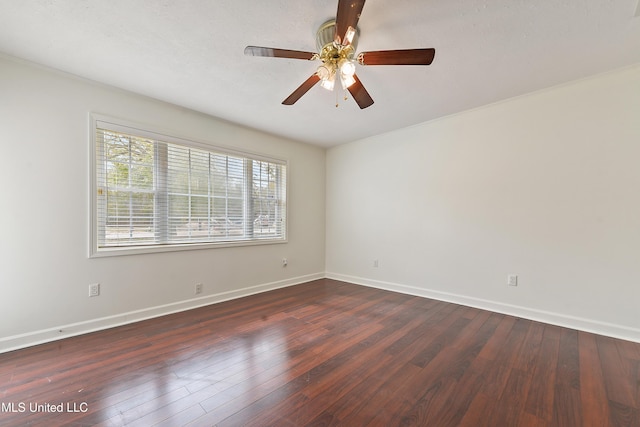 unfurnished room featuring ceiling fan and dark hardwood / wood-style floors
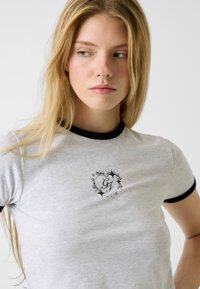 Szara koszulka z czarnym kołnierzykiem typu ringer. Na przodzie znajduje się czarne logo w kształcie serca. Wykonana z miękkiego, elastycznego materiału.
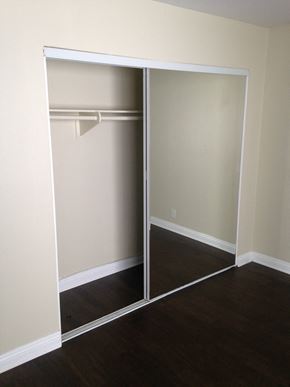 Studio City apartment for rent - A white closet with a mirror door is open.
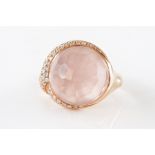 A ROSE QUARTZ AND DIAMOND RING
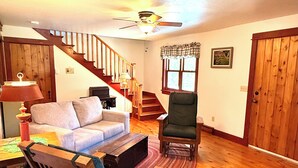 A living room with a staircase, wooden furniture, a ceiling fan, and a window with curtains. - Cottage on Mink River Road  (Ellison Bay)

....

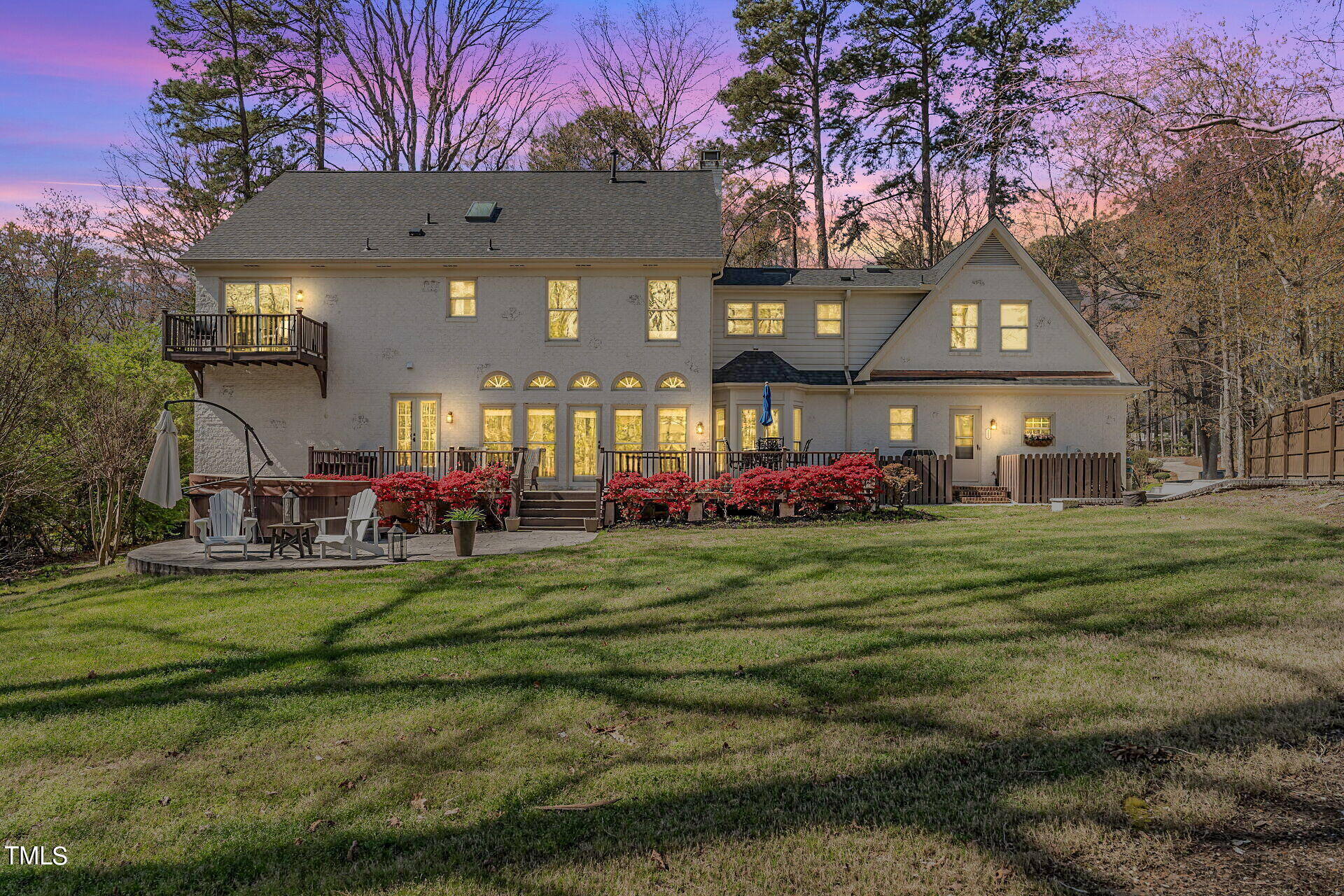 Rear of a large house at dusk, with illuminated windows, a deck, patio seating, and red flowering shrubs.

....

Output exactly the lines above that lie between the line with "unfurnished room featuring" and the line with "A living room", those two lines included, and no pictures.

#### Answer below:
 unfurnished room featuring ceiling fan and dark hardwood / wood-style floors
 Szara koszulka z czarnym kołnierzykiem typu ringer. Na przodzie znajduje się czarne logo w kształcie serca. Wykonana z miękkiego, elastycznego materiału.
 Studio City apartment for rent - A white closet with a mirror door is open.
 A ROSE QUARTZ AND DIAMOND RING
 A living room with a staircase, wooden furniture, a ceiling fan, and a window with curtains. - Cottage on Mink River Road  (Ellison Bay)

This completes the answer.